Q: A circle of radius $5$ units touches both the axes and lies in the first quadrant. If the circle makes one complete roll on $+ x$-axis, then what will be its equation in the new position $?$
I got my answer as $x^2 +y^2 -x(10+20\pi)-10y+100\pi^2+100\pi+25=0.$ Is it correct?
On
The circle travels a distance of $2\pi\cdot 5=10\pi$ units to the right after one full rotation. It's original equation is $(x-5)^2+(y-5)^2=5^2$. Hence, its new position is $$(x-5-10\pi)^2+(y-5)^2=5^2\iff (x-5(1+2\pi))^2+(y-5)^2=25\\\iff x^2-10(1+2\pi)x+25(1+2\pi)^2+y^2-10y+25=25\\\iff x^2+y^2-x(10+20\pi)-10y+100\pi^2+100\pi+25=0$$ So yes, you're correct.
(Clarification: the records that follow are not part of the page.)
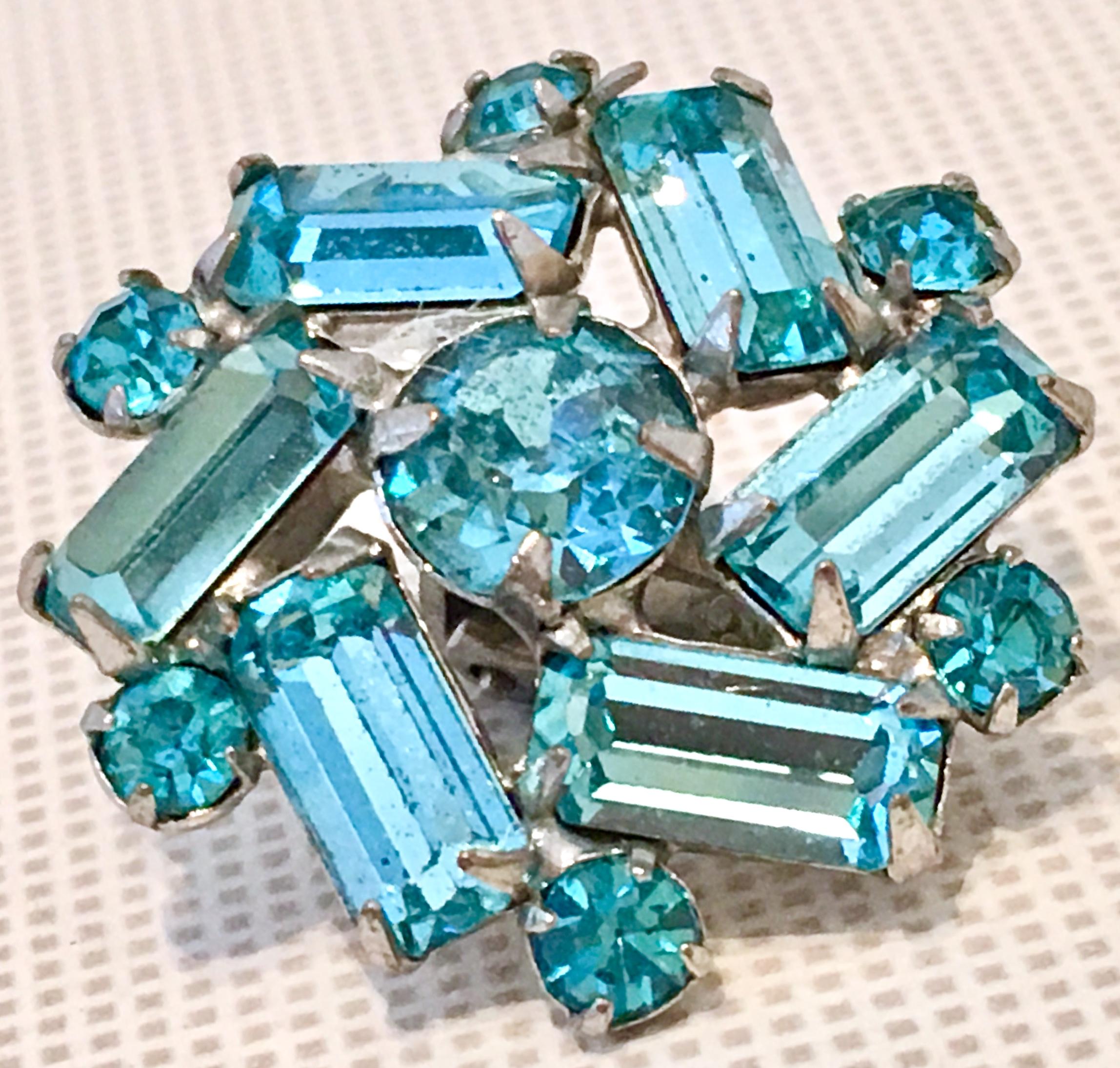 1940'S Silver & Blue Sapphire Swarovski Crystal Earrings  1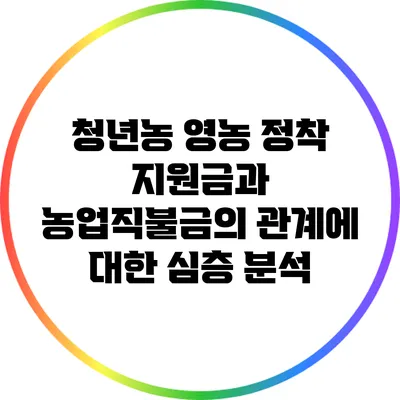 청년농 영농 정착 지원금과 농업직불금의 관계에 대한 심층 분석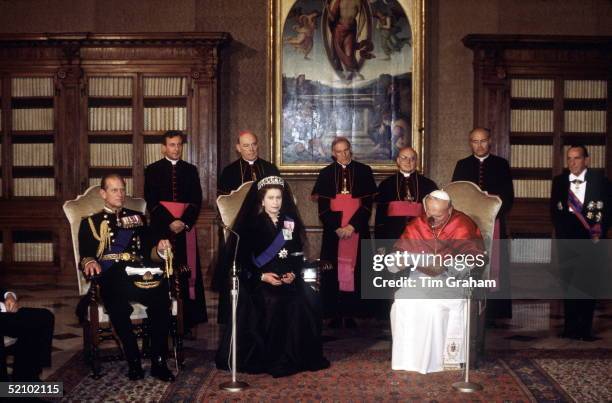 The Queen And Prince Philip Meeting With Pope John Paul II At The Vatican, Italy.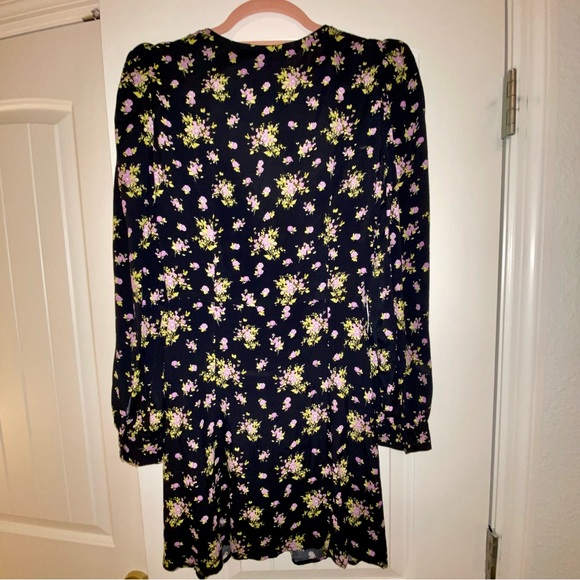 Zara printed mini dress. Multicolored. Small. Black floral. Skater dress. NWT - Picture 6 of 9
The circle of radius $5$ has equation $(x-5)^2+(y-5)^2=5^2$.
One complete revolution covers a distance of $2\pi r$, or $10\pi$ in this case.
So the centre also shifts by $10\pi$ to the right. So the new equation is
$$(x-5-10\pi)^2+(y-5)^2=5^2$$
So: $$x^2-2(5+10\pi)x+(5+10\pi)^2+y^2-10y+25=25$$ $$x^2-(10+20\pi)x+25+100\pi+100\pi^2+y^2-10y=0$$ Thus: $$x^2+y^2-x(10+20\pi)-10y+100\pi^2+100\pi+25=0$$ So your proof is correct.